Extended Data Fig. 7
Extended Data Fig. 7. Diagnostic plots of PCAdapt predictions.
(a) Discarding the influence of Linkage Disequilibrium (LD) in outlier detection after “SNP thinning” with PCAdapt. Manhattan plots show the “loadings distribution” (contributions of each SNP to the Principal Component [PC]) for each chromosome and PC, after a “LD pruning” was carried out for the entire dataset. We observe that loadings are not clustered in a single or several genomic regions (depicting most likely regions of strong LD), but rather the distribution of the loadings is evenly distributed across the chromosomes. Only at the center of the chromosome, the number of loadings decreases due to a small genetic diversity. These plots confirm that the outliers detected with PCAdapt correspond to regions involved most likely in adaptation, rather than to regions of low recombination (high LD). (b) The scree plot for each chromosome displays the percentage of variance explained (Y-axis) by each PC in a descending order (X-axis); and it is used to identify the best K’s number that should be used in PCAdapt as a measurement of population structure.

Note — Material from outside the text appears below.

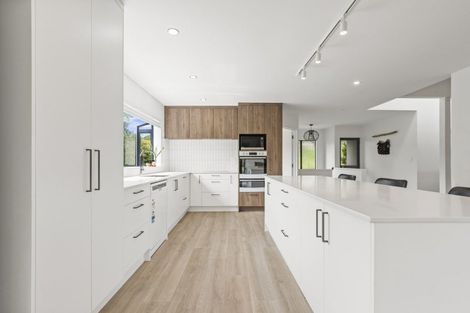 Photo of property in 248 Kauri View Road, Opaheke, Papakura, 2584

This analysis was also reinforced with a Tracy-Widow test (p<0.05) and a pairwise comparison of each PC (see Methods). (c) The Quantile-Quantile plot for each chromosome confirms that most of the estimated p-values (Y-axis) follow the expected uniform distribution (X-axis, a 45-degree line is plotted). Yet, the smallest p-values are smaller than expected, confirming the presence of outliers. (d) The histogram for each chromosome shows the (uniform) distribution of the p-values (X-axis, values between 0 and 1) and their frequency (Y-axis). The excess of small p-values indicates the presence of outliers. The p-values were obtained from the Mahalanobis distance, and then were transformed into q-values to detect top-high scoring outliers using an FDR-adjusted p-value-score threshold of 1% (α=0.01).
Extended Data Fig. 8
Extended Data Fig. 8. Association of outliers across Ae. aegypti populations using Principal Component (PC) scores from PCAdapt.
Boxplots depict the variation of the “clustering scores” from 10,030 outliers detected with PCAdapt across each chromosome and six Principal Components (PCs). The middle line, bottom and top of the box show the mean, 25th and 75th percentiles, respectively; whiskers present mean values +/-1.5×IQR. “Clustering scores” equal to zero are denoted with a horizontal dotted red line. The asterisks (*) over boxplots represent significant associations of the mean value of “clustering scores” for that population to both, the corresponding PC (one-sample two-sided t-test, µ≠0, p<0.001) and to Africa or out-of-Africa (AMER: Americas; Asia; PI: Pacific Islands) (two sided pairwise Welch’s t-test, µi≠µj, p<0.001), underscoring outliers that are more strongly associated with out-of-Africa (PC1, PC3-PC6) or Africa (PC2) or both (for example, PC2) populations than expected by genetic drift only. All t-tests p-values were adjusted with the Benjamini-Hochberg method. See the full results from both tests for each PC and population in Supplementary Tables 19-21. Noteworthy, 95% of the total variation is explained by the first three PCs (PC1-PC3), whereas the remaining 5% of the variation is explained by PC4-PC6 and it falls exclusively in out-of-Africa populations.
Extended Data Fig. 9
Extended Data Fig. 9. Estimation of protein-coding gene selection with MKT-DoS tests across 11,651 orthologs between Ae. aegypti and Ae. albopictus.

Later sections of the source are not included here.